While we applaud Arielle Isack’s article for calling out the failures of American Jewish institutions to become truly anti-racist, the piece significantly understates both the role of Palestine solidarity in Jews of color organizing and the way that efforts to silence anti-Zionist ideas have impeded anti-racist work in Jewish spaces. The references to Palestine in the piece—including one to a non-Jewish group (the Movement for Black Lives) expressing solidarity with Palestine, and another to a group of Jews of color (the Black Jewish Liberation Collective) that has taken no position on Palestine—suggest that the landscape includes no Jews of color who are organizing in solidarity with Palestinians. In reality, this work has been going on for years.

We are members of one of the groups that has been doing this work, the anti-Zionist organization Jewish Voice for Peace (JVP), which was left out of the article. Jews of color have been in leadership at JVP since its early days in the late 1990s, but it took the formation of a member-led Jews of Color and Sephardi and Mizrahi Jews (JOCSM) caucus in 2015 to demand accountability from an organization that had worked to hone its anti-racism with respect to Palestinians, but had yet to reckon with its practices regarding JOCSM. In 2019, a staff-managed entity within JVP called the BIJOCSM Network took the place of the caucus. The Network added “Black and Indigenous” to the acronym JOCSM—which the caucus originally coined—in recognition of the fact that we are struggling under three parallel systems: global white supremacy, Ashkenormativity in Jewish institutions, and Jewish supremacy in Palestine/Israel.

BIJOCSM JVP members have been instrumental in planting the seeds of Jews of color work across the US, but our contributions have often been unrecognized and excluded due to our politics on Palestine. The erasure of our work has made it harder for us to join coalitions and access financial resources that could help us cultivate our BIJOCSM community. Such redlining, ongoing to this day, hinders our non-Zionist and anti-Zionist BIJOCSM siblings from finding safety, recognition, and inclusion in Jewish spaces. It also attempts to pit us against Palestinian communities by making the creation of BIJOCSM spaces seem contingent on keeping silent about Zionism. Writing about Jews of color organizing while omitting our longtime work effectively collaborates in our erasure from this landscape.

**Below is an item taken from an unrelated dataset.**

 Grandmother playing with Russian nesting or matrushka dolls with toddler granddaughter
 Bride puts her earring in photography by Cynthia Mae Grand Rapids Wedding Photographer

Over the past eight years, we have celebrated Mizrahi and Sephardi culture and resistance, and have given minoritized Jewish voices and Black and Palestinian comrades a platform to express their unique and undervalued perspectives. We organized a letter by Latinx Jews calling on the Trump administration to close the camps where immigrants are detained on the southern border, spoke up in defense of a Palestine-inclusive Ethnic Studies curriculum in California, led a celebrated “Black Lens on Palestine” webinar, and supported local, national, and global Sephardi/Mizrahi cultural work, among other initiatives. We have expressed solidarity with non-Jewish African refugees in Israel threatened with deportation—an ethnocratic policy that parallels the denial of the Palestinian right of return—and opposed the use of Blackface in Jewish communities. We have also defended the Movement for Black Lives against false accusations of antisemitism aimed at silencing their support of Palestine. Particularly relevant to Isack’s article, we have also organized for years against the Anti-Defamation League’s regressive stance on Palestine, calling out its attacks on anti-Zionists and Palestine solidarity activists—particularly activists of color—and drawing attention to its collaboration with racist policing initiatives in the US and Palestine/Israel. Although Isack touches on the ADL’s failures in the realm of anti-racism work, her article does not engage the urgently related issue of the organization’s Palestine politics.

The story of Jews of color organizing is incomplete without our voices, especially when told in a way that does not address the place of Palestine/Israel in the Jewish community’s grappling with anti-racism.

Shirly Bahar
New York, NY

Danny Bryck
New York, NY

Sydney Levy
Oakland, CA


The letter writers are BIJOCSM JVP members as well as present or former JVP staff members.